The government estimates getting Rs 82,911 crore through dividend from banks, financial institutions and the RBI in 2019-20, according to the budget document. Even in the ongoing fiscal, it estimates getting Rs 74,140 crore, much higher than the budget estimate of Rs 54,817 crore.
Economic Affairs Secretary Subash Chandra Garg said after the finance minister presented the budget that the government expects Rs 28,000 crore more from the central bank as interim dividend. The RBI had paid Rs 40,000 dividend in August last year.
The additional demand comes as the revenue from the goods and services tax, for most part of the year, has lagged the Rs 1 lakh crore monthly target.
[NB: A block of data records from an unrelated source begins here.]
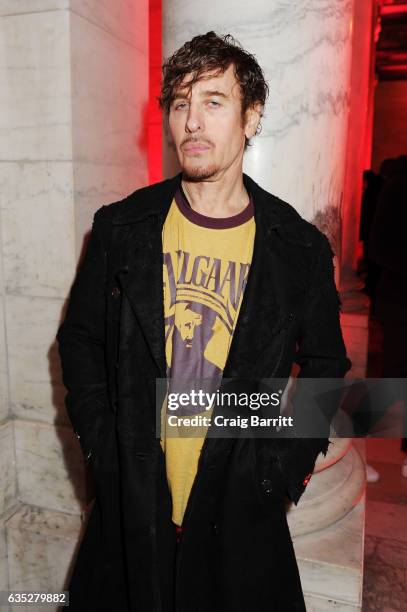 Photographer Steven Klein attends the After Party for the Philipp Plein Fall/Winter 2017/2018 Women's And Men's Fashion Show at The New York Public...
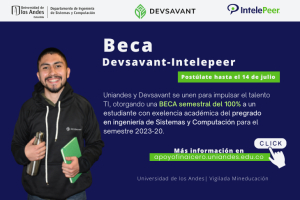 Beca Devsavant-Intelepeer, una alianza con Devsavant, Intelepeer y el Departamento de Ingeniería de Sistemas y Computación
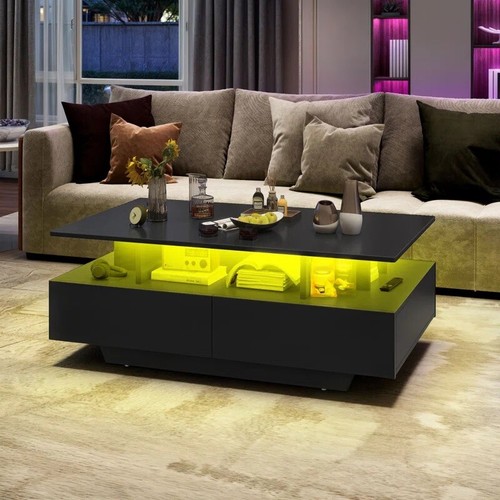 Table basse tiroirs - table,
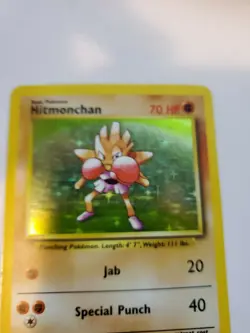 Hitmonchan Base Set Holo Pokemon Card WOTC - Image 4
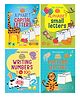 Alphabets and Numbers Writing Books Pack of 4 - English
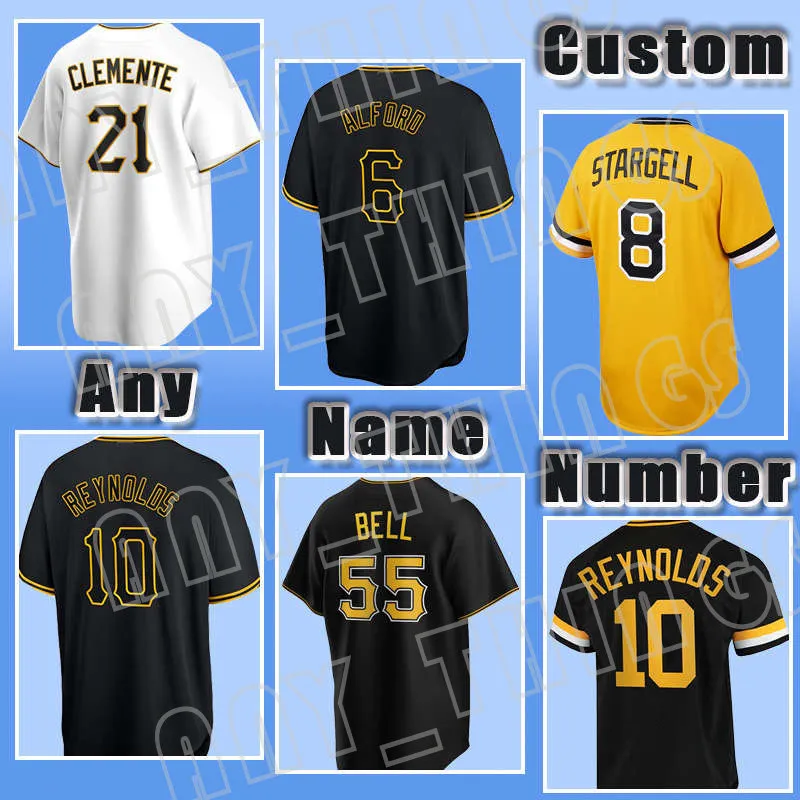 Kevin Newman Baseball 21 Roberto Clemente Piraci Willie Stargell Jersey 6 Starling Marte 26 Adam Frazier Joe Musgrove Pittsburgh Ben Gamel Ke'Bryan Hayes Reynolds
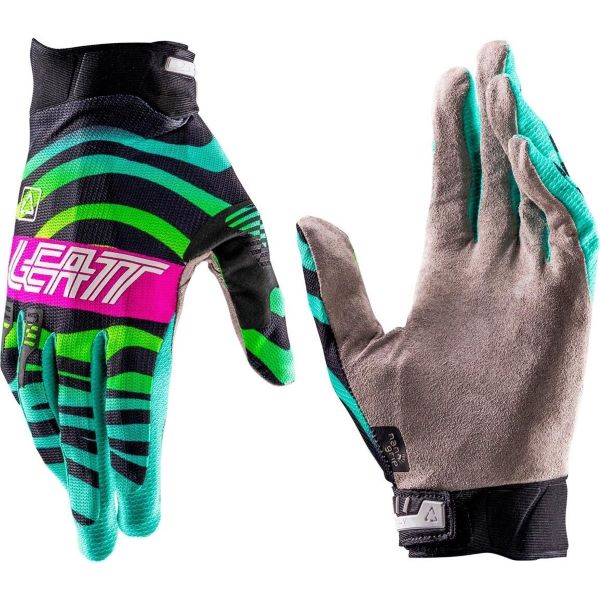 Gants de Motocross 2.5 X-Flow Leatt Noir/Multicolore, intérieur & extérieur 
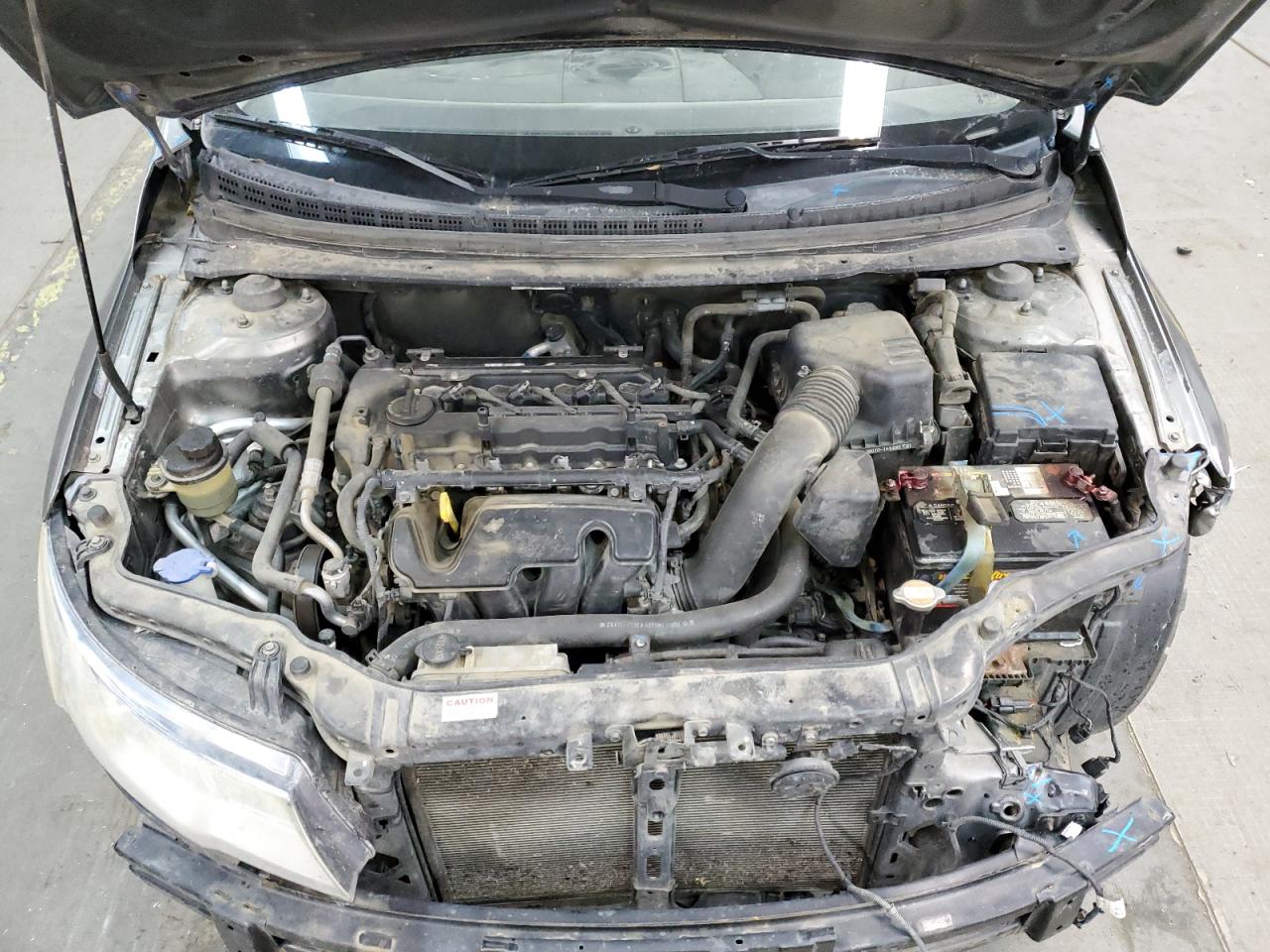 2012 KIA Forte VIN KNAFU6A25C5489484 Copart auction photo, front end / side damage thumbnail 11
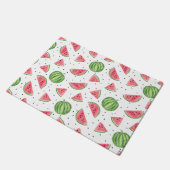 Neon Waterverf Watermeloenen Patroon Deurmat (Schuin)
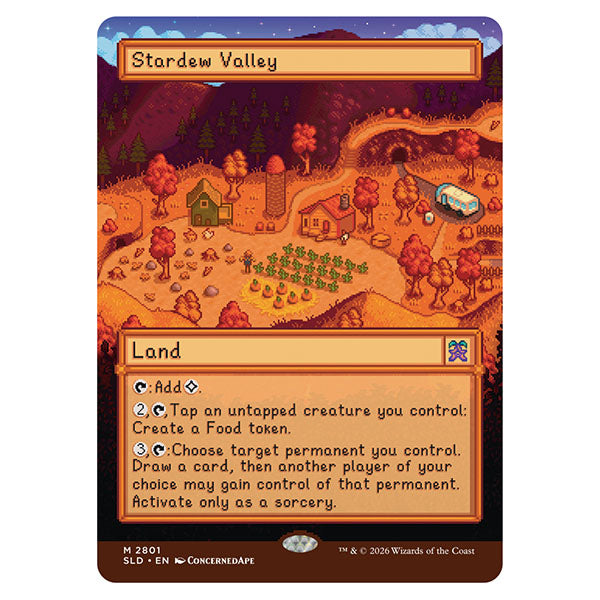 Magic: The Gathering Secret Lair x Stardew Valley: Welcome to Stardew Valley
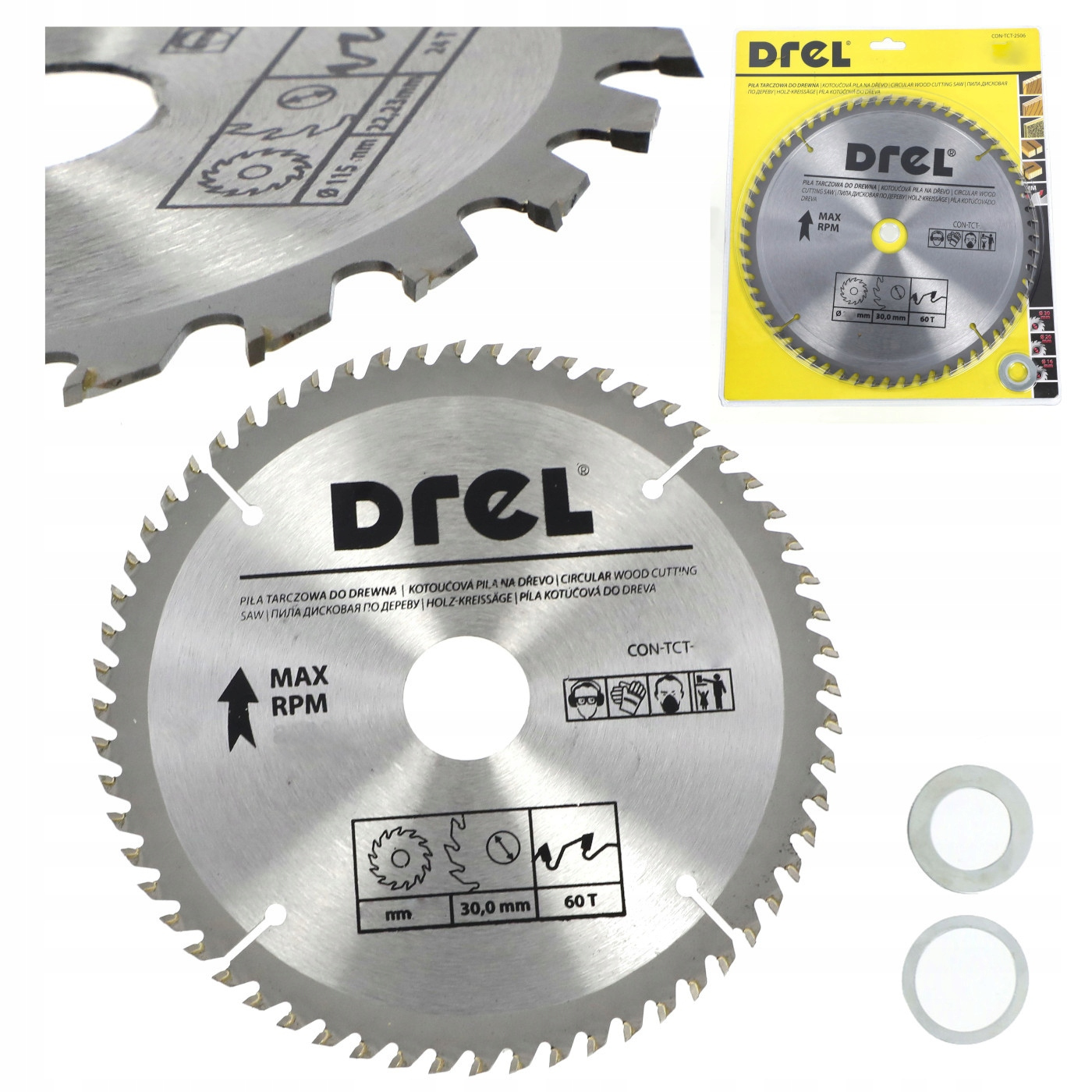 

Tarcza Do Drewna Piła Widiowa 200 X 30 mm 60T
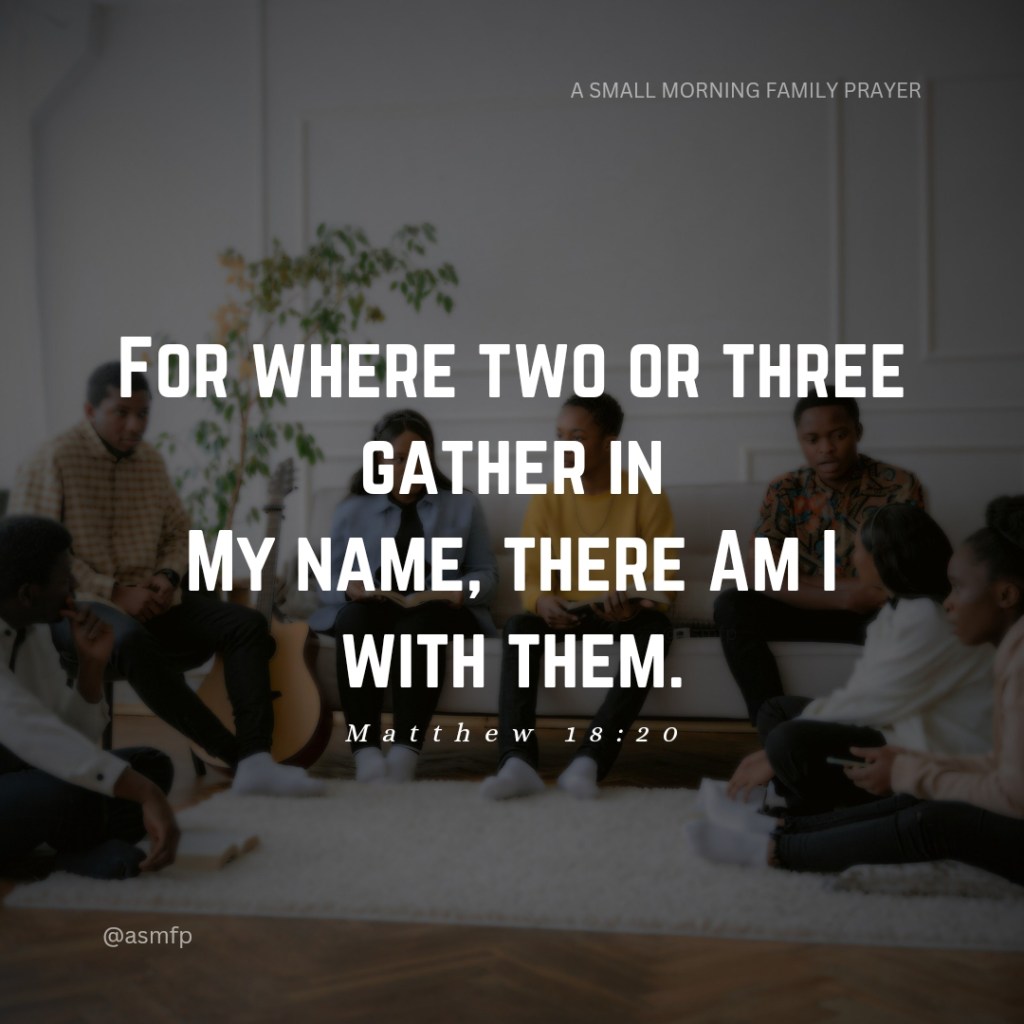 OUR LORD’S PRESENCE GO WITH&nbsp;US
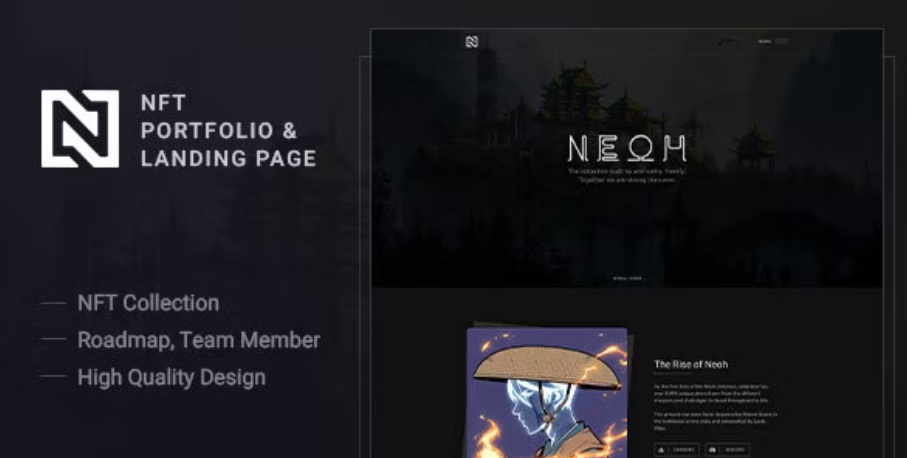 Neoh - NFT Portfolio React Nextjs Landing Page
Moreover, the government’s planned stake sales in state-run firms are still short of the target even though Finance Minister Piyush Goyal remains confident of exceeding the Rs 80,000-crore estimate. That leaves the government counting on the RBI to make up for the shortfall as it missed the fiscal deficit target for the second straight year.
The government typically uses dividends from state-run firms, financial institutions and the RBI to fund its additional expenditure. It has pegged such dividends at Rs 1.36 lakh crore in 2019-20. That’s a 14 percent rise from an already elevated dividend collection of Rs 1.19 lakh crore in 2018-19.
Balance sheets of most state-run banks remain stretched as they reported losses or marginal profits. Which means they may not be able to dole out large payouts even next year unless their financials improve significantly. That suggests the bulk of the expected Rs 82,911 crore in 2019-20 will come from the RBI.
The RBI keeps a portion of its profit in a contingency fund and transfers most of it to the government every year, which is then counted as fiscal revenue. Typically, the RBI makes those dividend payments after it closes its books of accounts in June. But it paid an interim dividend of Rs 10,000 crore in January last year.
The government is also said to have sought surplus reserves from the central bank, one of the flashpoints that brought its differences with the central bank out in the open last year before Urjit Patel quit as the central bank governor citing personal reasons. That had led to debate about the central bank’s independence, and a panel was appointed to look into the matter.